You're right, of course, that parents have a huge influence on their kids. Much of that influence comes from how they react (or don't) to their kids' inevitable misdeeds.

I'm reminded of all the times I've sat through presentations by people who as a condition of parole must talk to kids about their crimes. Many kids get hung up on the details of those crimes rather than the consequences. I think it's consequences that unfortunately have to be learned first hand.

It's like the playground. You don't really get that falling off the monkey bars can hurt until you do it a time or two or actually see another kid break his arm.
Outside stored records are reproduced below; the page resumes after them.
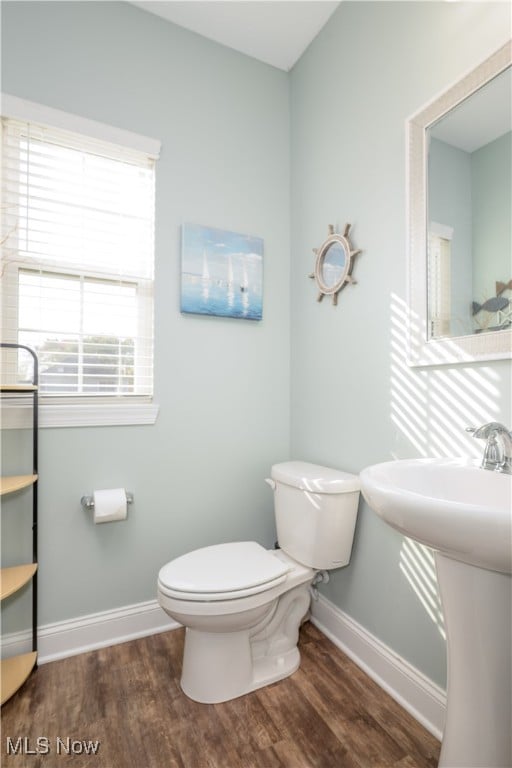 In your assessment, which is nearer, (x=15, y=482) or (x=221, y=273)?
(x=15, y=482)

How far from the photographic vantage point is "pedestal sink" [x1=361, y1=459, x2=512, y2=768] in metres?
0.75

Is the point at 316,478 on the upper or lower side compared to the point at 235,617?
upper

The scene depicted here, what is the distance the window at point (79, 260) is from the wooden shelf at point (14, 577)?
0.65 m

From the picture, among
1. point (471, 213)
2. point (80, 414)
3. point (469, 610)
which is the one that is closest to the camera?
point (469, 610)

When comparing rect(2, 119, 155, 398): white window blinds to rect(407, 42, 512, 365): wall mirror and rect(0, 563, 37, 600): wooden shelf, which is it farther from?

Still, I'm enjoying your stories to no end. Unless of course they do.

 
At 1:21 AM, Blogger Saur♥Kraut said...

You know, it's funny... I never stole anything out of my mom's purse, but I WOULD steal candy out of the food cabinet. Mmmm. I am still relatively unrepentant about it, too.

 
At 4:21 AM, Blogger Horace Jeffery Hodges said...

James, I seem to write in cycles, so I'll probably find my cyclical way back to stories like these from my childhood ... sometime.

Saur, taking money from the wallets of one's parent seems worse to me that taking candy from the kitchen cabinet.

Maybe I think so because the money belongs specifically to the parent, whereas the candy belongs to the entire household.

So ... you were only stealing from yourself.